By L.K. Chapman
Money has been on my mind a lot recently. Why? Because my book doesn’t make any, and I want it to.
It’s a confusing, conflicted situation. I never really wrote my novel, Networked, because I wanted to make my fortune. In fact, I’m not sure you really can write a book with that in mind. When I write, any thought of my book as a commodity I have to sell makes me feel painfully self-conscious and destroys my connection, my engagement, with the story. But the fact is, almost everything comes down to what it is worth.
I’ve always thought a lot about money- what it makes people do, what it makes people feel, how the more you have the more choices open up for you. I used to think money was basically a “bad” thing. Necessary, but bad. Now I realise that it’s actually far more complicated than that. Money can motivate people to do incredible things. I understand how necessary it is as a reward; how there is little else that exists to rival it as a way of literally saying, ‘you’re valued’. However, I thought that to some extent I’d be able to rise above this. I knew it was unrealistic that I would make much money by writing, and that if I ever did it would probably take a long time. I wrote and published my book because it was my dream and it felt like the right moment in my life to make it happen.
Yet somehow, I find myself sitting clicking “update report” on the sales graph for my e-books. I get out a calculator and start working out how many sales of e-books or paperbacks I’d need to get per day to get an outcome of various different annual salaries (I don’t recommend doing this: It’s terrifying!). It’s this reward, this sense of value, which I’m craving.
Book sales are such a funny thing. When you start thinking about large numbers, the mind boggles at how much you can make. It seems that there is no upper limit- even if each sale is only worth one pound, a million sales is a million pounds! But then there is no lower limit either. You could make more money than you ever dreamed of, or you could make no money at all.
Whenever I moan about this- an activity my friends and family are becoming all too familiar with- I generally start with the apologetic statement, “I know I wanted this, but…”. I feel terrible for complaining about it because I’m following my dream! I’m incredibly fortunate to have had the opportunity to do that, and after all, no one asked me to do it.
The funny thing is, people do want me to do it. People’s reactions when I say “I’m an author” are fascinating. I’ve never had a negative, or even a mixed, response. Everyone always thinks it’s great, and people are so passionate for me to succeed – I’ve even been sincerely and wholeheartedly wished luck by people I’ve never previously met and will likely never see again! It’s amazing how much it means to people, how much they want to help me. What is it that makes people so excited for me though? Is it because of this great unknown quantity; these potential earnings that have no upper limit? Does everyone wonder what that would be like? Will I ever find out, and would I even like it if I did?
It’s a shame that I allow money to impact how I feel about myself and it’s a shame that money has to be everything- how you live, how you value yourself, how you compare yourself to others, how it affects what you can do, where you can go, what your future will be. When money and creativity collide there is always this enormous, fundamental contradiction. I don’t create to make money, but I need money to give me worth and I need a sense of worth to carry on.

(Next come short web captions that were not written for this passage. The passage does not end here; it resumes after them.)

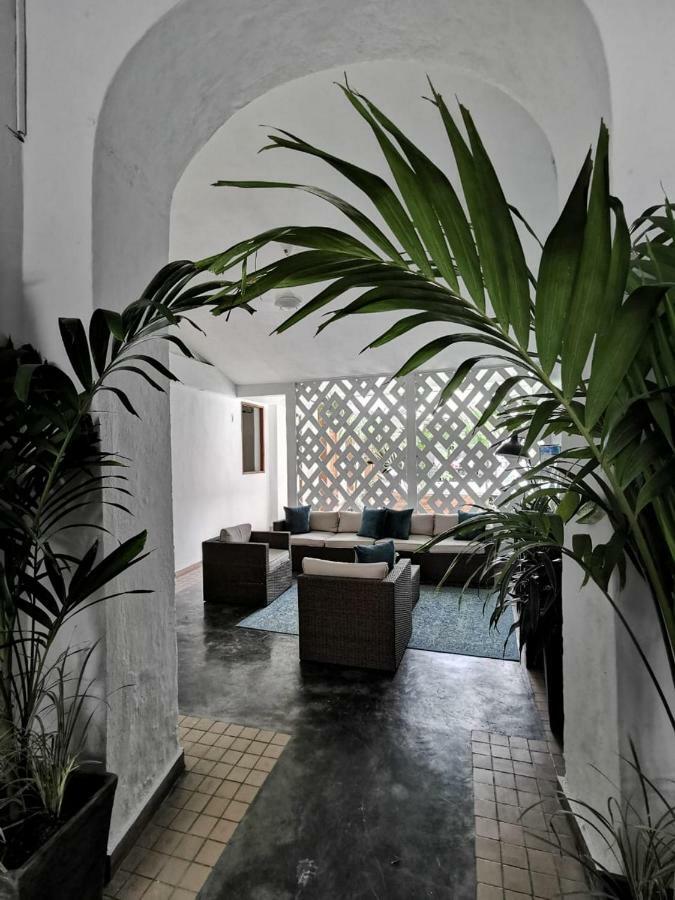 Las Indias Hostal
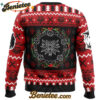 Christmas Monster The Witcher Ugly Christmas Sweater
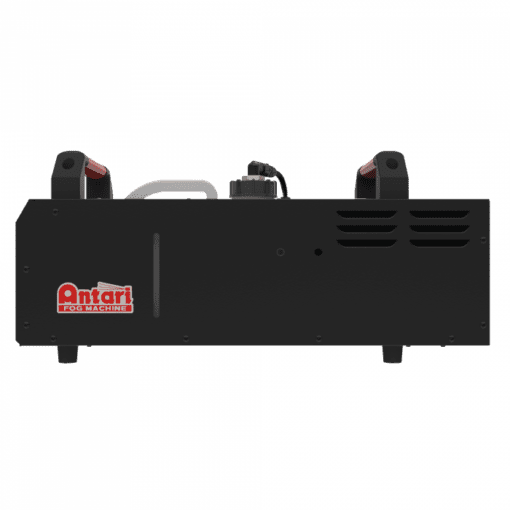 Antari M-12 FX-hardware J&H licht en geluid 5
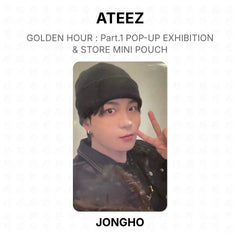 JONGHO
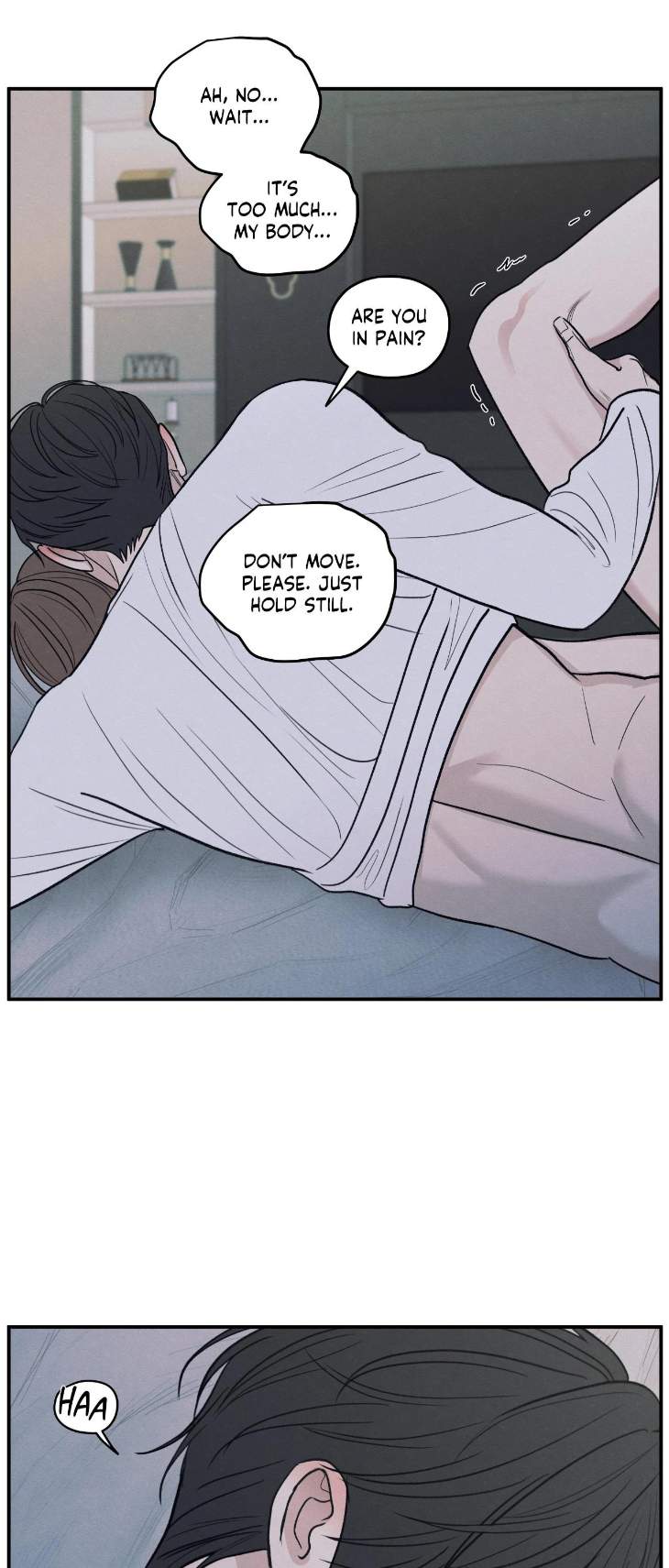 The-Edge-Of-Ambiguity-By-Ez-Uncensored-Eng page 24
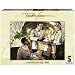 Schmidt Spiele - Renato Casaro, Spiels noch einmal Sam, 1000 Teile Puzzle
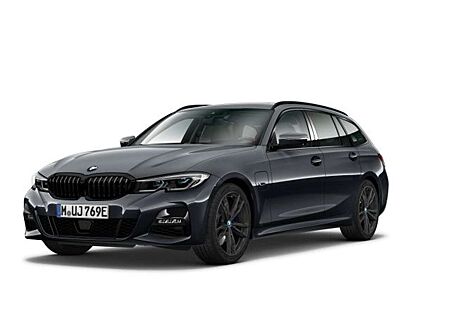 BMW 330 e xDrive Touring M Sport A. Innovationsp. RFT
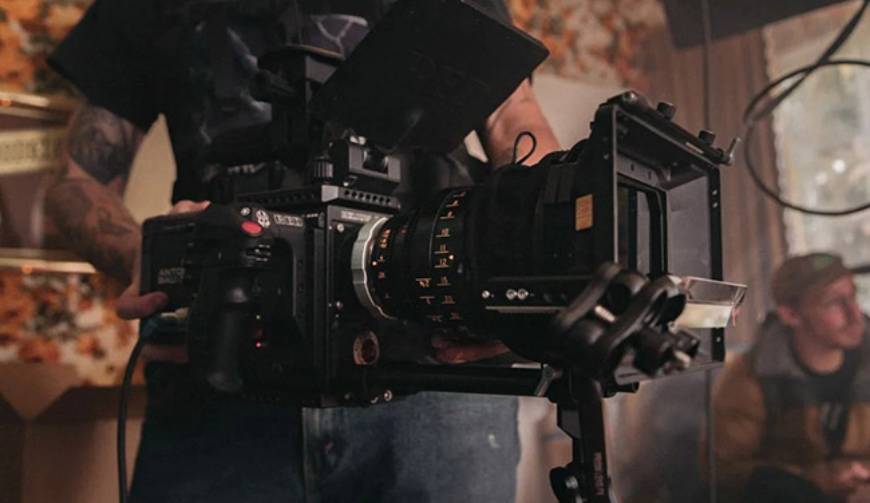 深耕本土，伍家岗区产品宣传视频拍摄公司的服务密码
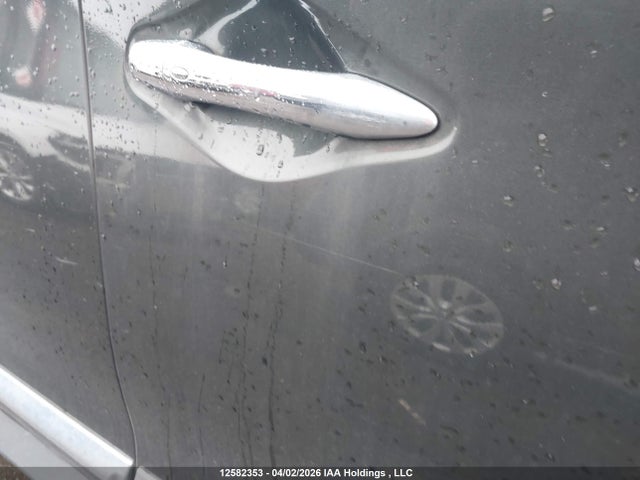 12582353 :رقم المزاد ، 5N1AL0MMXDC309290 vin ، 2013 Infiniti Jx35 مزاد بيع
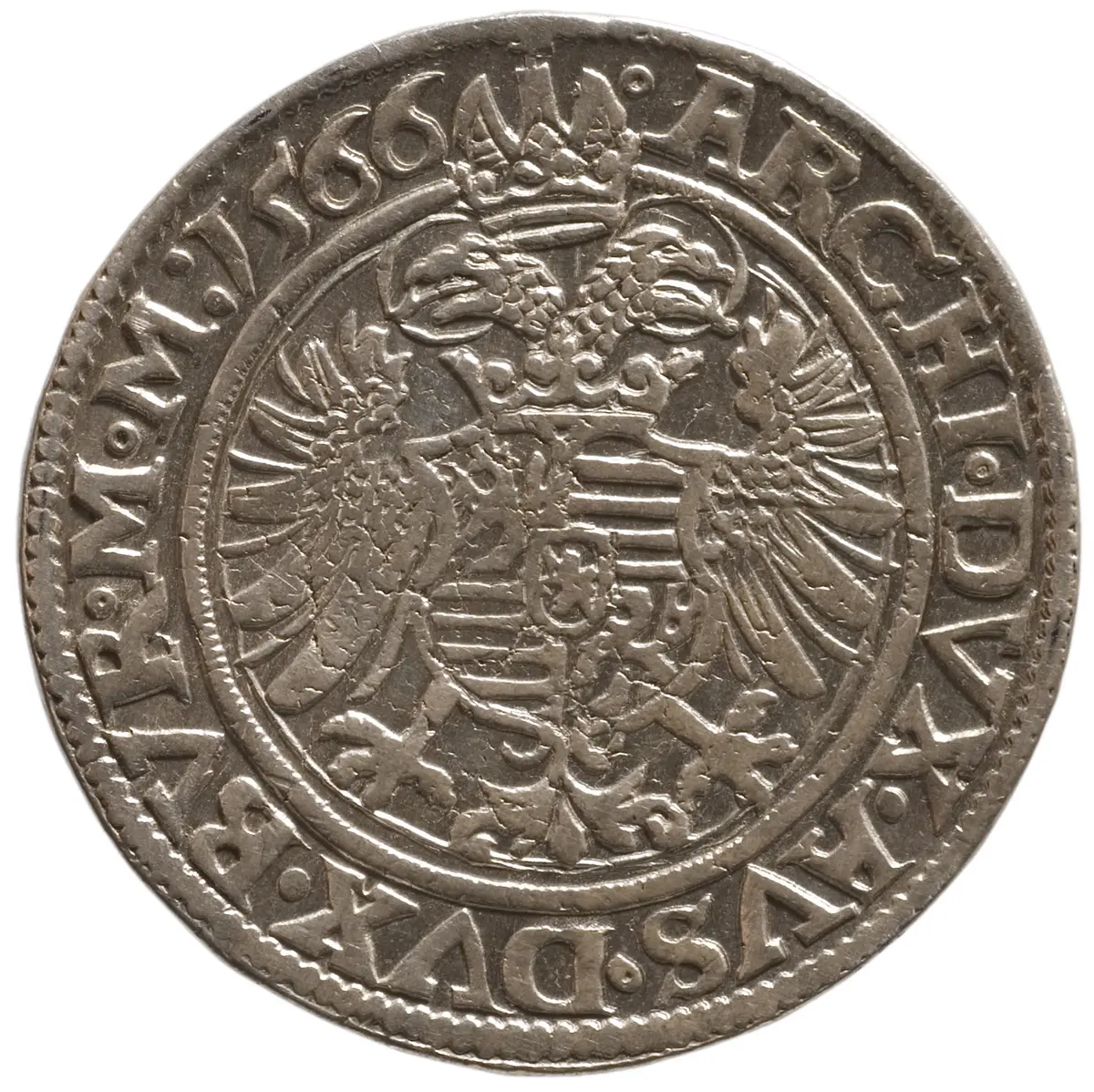 Münze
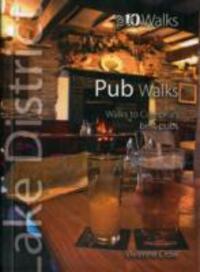 Cover: 9781908632012 | Pub Walks | Walks to Cumbria's Best Pubs | Vivienne Crow | Taschenbuch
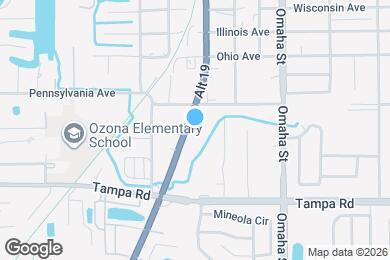 Map image of the property - 455 ALT 19 S. 263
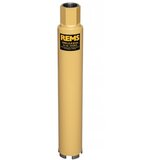 Rems 181506 Dijamantska kruna 62×32mm Cene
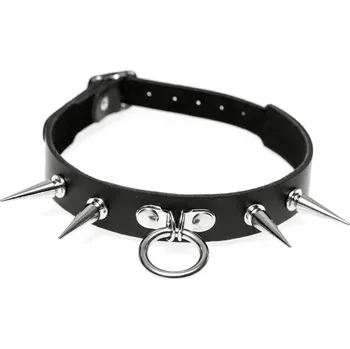 Přívěsek obojek Spikes - BWZ-701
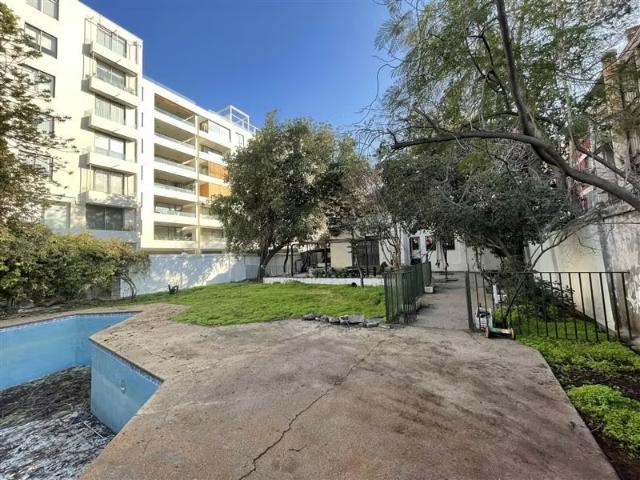 Casa en arriendo en Providencia, Metropolitana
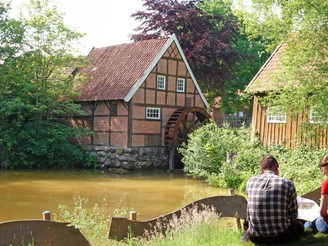 Bruneforth Mühle
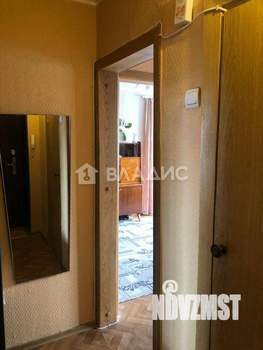 3-к квартира, вторичка, 55м2, 5/5 этаж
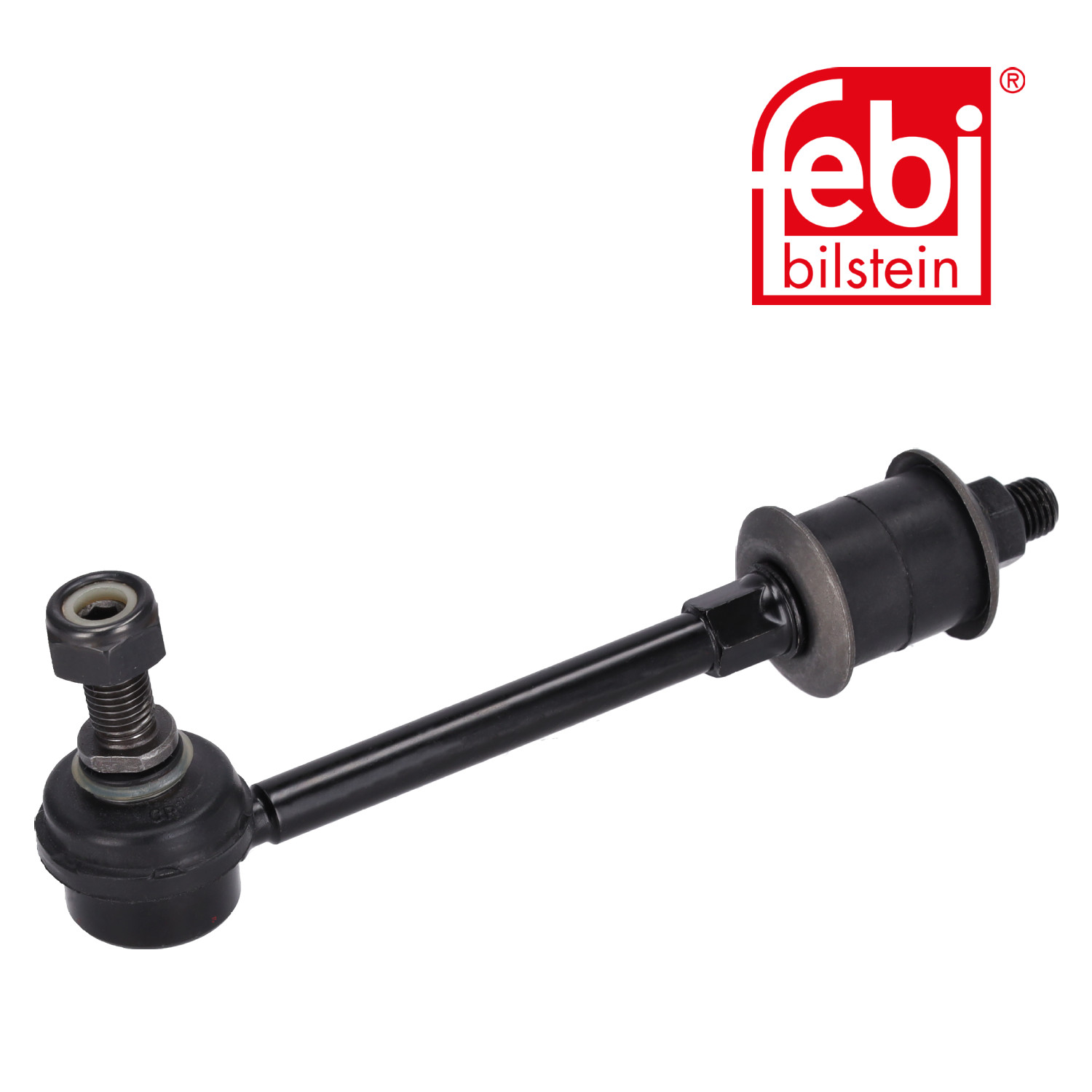 Febi Stabiliser Bar Link Coupling Rod 15421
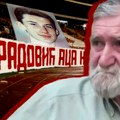Dan kada je Aca Radović poginuo na Severu: "Molio sam ga da ne ide na derbi, rekao je - moram"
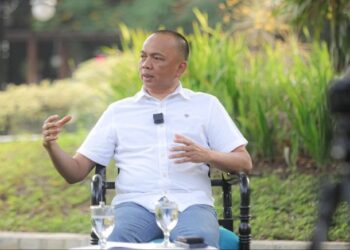 Akhir Desember 2024 Exit Tol KM 149 Gedebage Kota Bandung Kembali Beroperasi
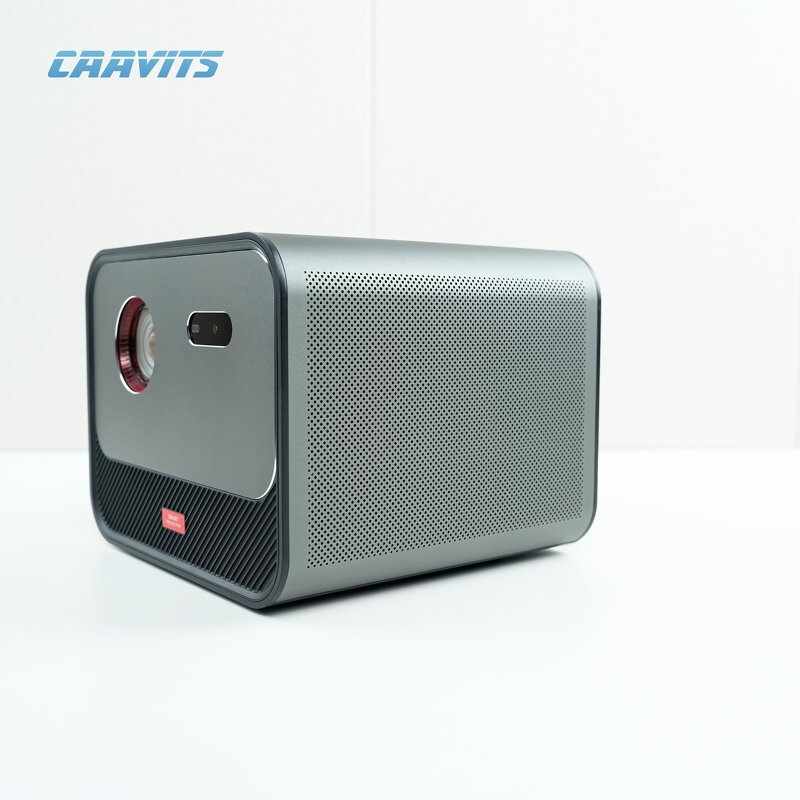 Mini DLP Projector Factory - Custom Portable Video Projector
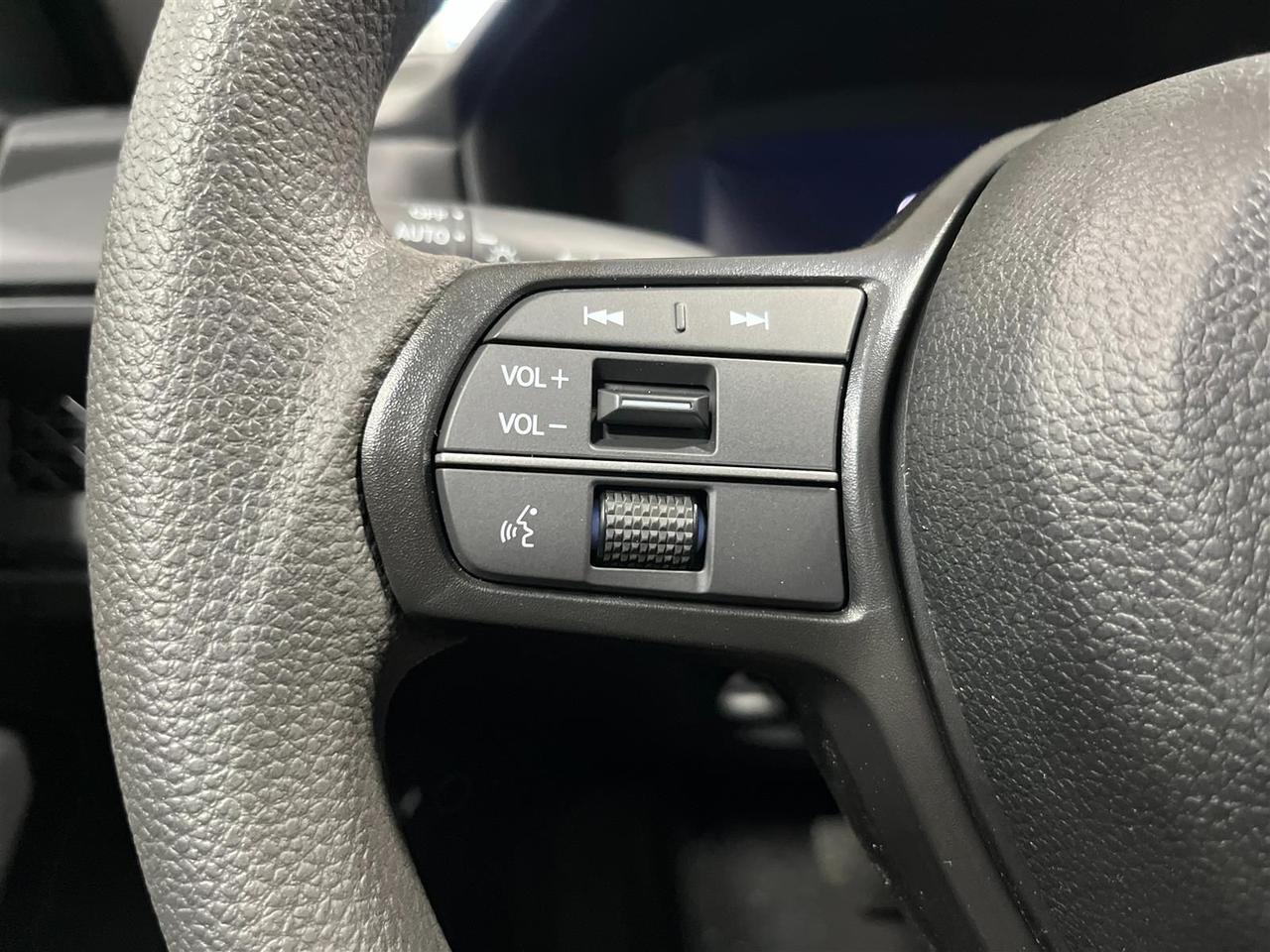 2026 Honda Accord LX Alexandria VA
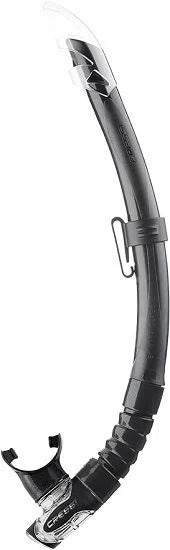 CRESSI PLUMA MASKE & SNORKEL & PALET SET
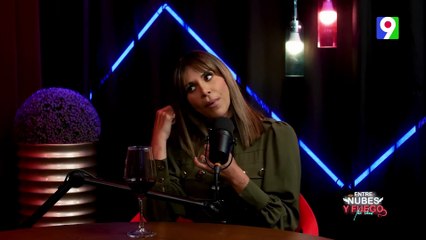 Pamela Sued  “Yo soy muy territorial” | Entre Nubes y Fuego The Show
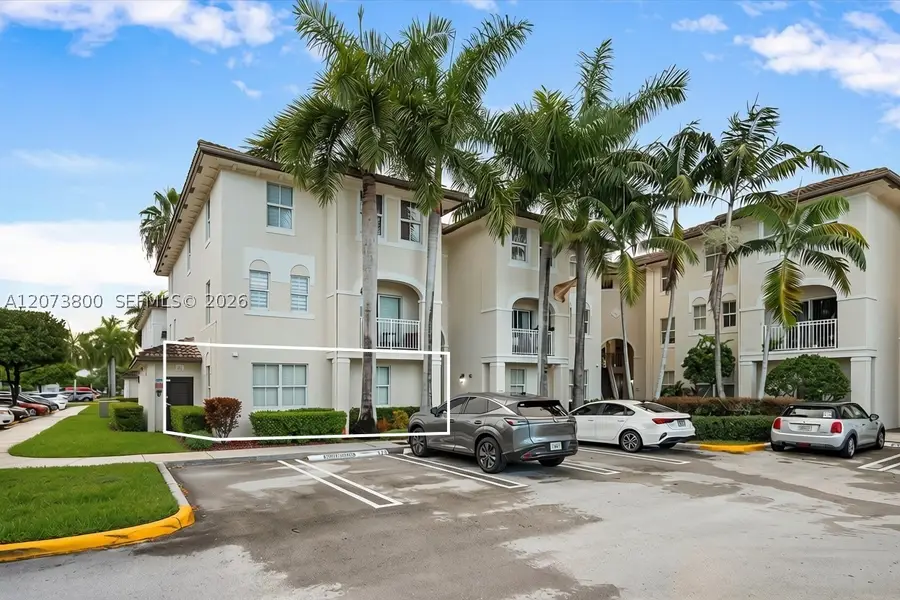 11503 NW 89th #101, Doral, FL 33178 - #2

But then happiness isn’t ever really going to be about the amount of money I make. Once it gets beyond a certain point where I don’t actually have to worry about it, does it really make that much difference? I’m at my happiest when I’m not aware of myself at all; when all I’m doing is writing and the hours slip by practically unnoticed, and I eventually emerge, blinking and confused, as though from some sort of wonderful trance. I certainly can’t put a value on that.
It’s never going to be easy to balance the craving for something tangible a reward that I can see in my bank account- with the reward nobody else can see; the satisfaction of getting my ideas out on the page. The reality is that to carry on I’ll have to walk this uneasy line and be a business person one second and a creator the next. I knew it wasn’t going to be easy, and I was right about that, but until the time I actually can measure what I’ve achieved in money, I guess I’ll measure it by what I’ve achieved through the journey. Self-publishing has been many things, and although so far “lucrative” is not one of them, it’s certainly been one hell of journey.